Buseck's graduate studies (Master of Science and Doctor of Philosophy) were at Columbia University, under the direction of thesis advisor Prof. Chas. H. Behre Jr., studying mineral deposits in the United States and Mexico. Buseck completed work for his Ph.D. in 1961 and received his Ph.D. in 1962. He did post-doctoral research at the Geophysical Laboratory, Carnegie Institution of Washington from 1961 to 1963, where he learned experimental techniques in mineralogy.

==Career==

In 1963 Buseck was hired by Arizona State University with joint appointments to the Department of Geology (now the School of Earth and Space Exploration) and the Department of Chemistry (now the School of Molecular Sciences), where he continues his professional career. Buseck studied phenomena from geological, chemical, and physical perspectives, which gave his research an interdisciplinary character when such collaborations were rare.
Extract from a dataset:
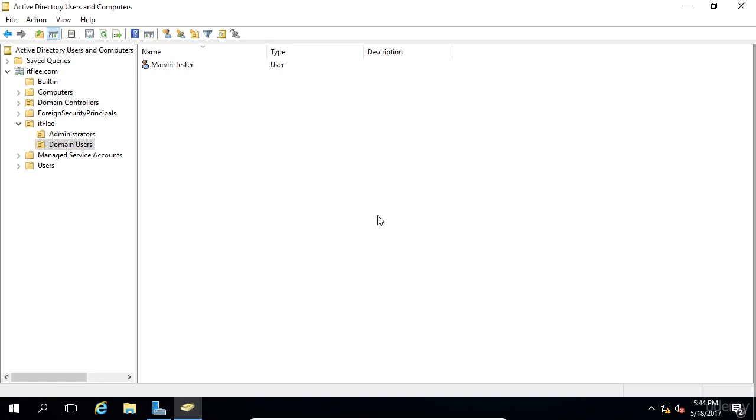And that, my friend, is all you need to know about creating and managing groups within Active Directory users and computers. I hope you enjoyed this lesson and I look forward to seeing you in the next one.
Buseck's research primarily involved the application of transmission electron microscopy (TEM) in four major areas: mineralogy, meteoritics, fullerenes and related carbon phases, and atmospheric chemistry. Buseck, along with John Armstrong, obtained the first quantitative chemical analyses of airborne particles. Buseck was also a pioneer in high-resolution transmission electron microscopy (HRTEM) mineralogy, which allowed crystal structures to be imaged directly. Buseck also performed some of the earliest mineralogical research on carbonaceous chondrite meteorites.

Sabbatical-year appointments were at the Inorganic Chemistry Laboratory (ICL) and Department of Geology at Oxford University (1970–71), Stanford University Department of Geology (1976-1977); Laboratory Mineralogie & Cristallographie, University of Paris VII (1985–86); Special Assistant, Office of the Director of the National Science Foundation (1994–95), and Department of Earth and Planetary Sciences, Harvard University (2001-2002).

In 2021, the Center for Meteorite Studies at ASU was named in honor of Buseck.